Hi Bernard,
2010/5/12 Bernard Duggan <
ber...@m5net.com>:
> Hi Mazen,
> Our setup kind of has the opposite requirement - if either the worker or
> the gen_server that spawned it crash, both should crash out (sorry, that
> probably wasn't very clear in my initial post). That's why initially a
> straight spawn_link to create the worker looked so attractive - errors
> propagate between the gen_server and worker, both are cleaned up, and the
> gen_server's supervisor just restarts the gen_server (which is what we
> want). That, though, would require us to handle the EXIT message from the
> worker in the gen_server if the latter turned on trap_exit (which it seems
> like it needs to). It's not a huge problem, just seems like something we
> should be able to avoid.
I'm currently facing a similar situation (not exactly alike, but alike
enough) and got tripped up by the need to trap_exit if you want to run
terminate/2 on shutdown.
What I'm starting to realize is that linking should as much as
possible, ONLY be used withing the OTP supervision tree context... and
monitors should be used for everything else.
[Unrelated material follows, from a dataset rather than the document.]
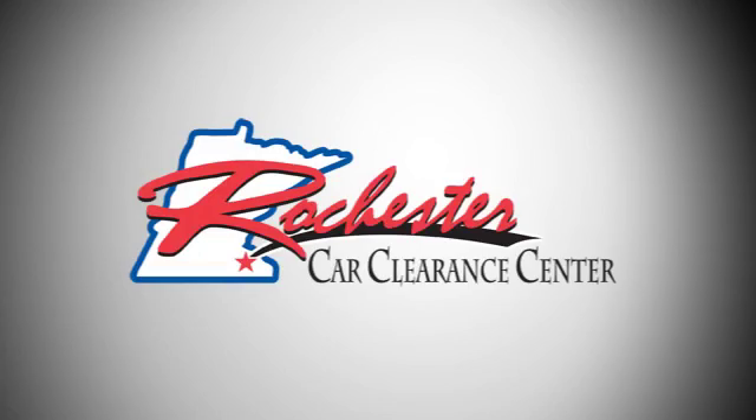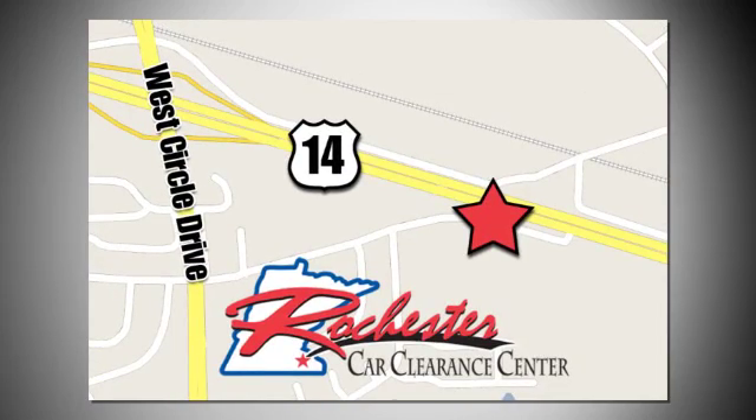At Rochester Car Clearance Center, you get our best price, bottom line. We are conveniently located on Highway 14 West near West Circle Drive.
I've not seen this
written anywhere, but I've come to discover that there are OTP ways to
work around the scenario you're describing. Managing it any other way
will break in some way within OTP.
Now i'm experimenting with depending on the various supervisor restart
strategies, children restart types and restart frequencies, monitors,
etc.
- You want a gen_server to spawn a worker, and both should be
restarted if any of the other goes down... What to do is this (forgive
the ascii art!):
[root_sup] % root_sup should use a one_for_all restart strategy
|
[gen_server, worker_sup] % worker_sup should be simple_one_for_one,
MaxR = 0, MaxT=10
|
[worker(s)] % this should be a permanent child.
To complete the above, establish a monitor (erlang:monitor/2) b/w
gen_server and worker pid after the supervisor:start_child(worker_sup,
[]) call.
The above tree will work as you want, though it introduces root_sup
and worker_sup.
- If gen_server crashes, worker_sup will also crash and restart, thus
taking down and restart worker(s)?
- Since the gen_server is monitoring the worker, it will recieve the
'DOWN' message when the worker goes down and you can then {stop,
Reason} from the gen_server. Also, the worker restart frequency is
zero times in 10 seconds, so it will not be restarted by its
supervisor, untill the gen_server has died also, taken them all down
and they're all restarted by the root_sup.
I have tried it out, and it works nicely too.
The question i have for you though, is:
Does every gen_server just spawn a single worker process or can it
spawn multiple workers? If multiple, what happens to the rest if one
dies? (I'm assuming the answer to this is one gen_server, one worker)
Hope that helps.
cheers,
Essien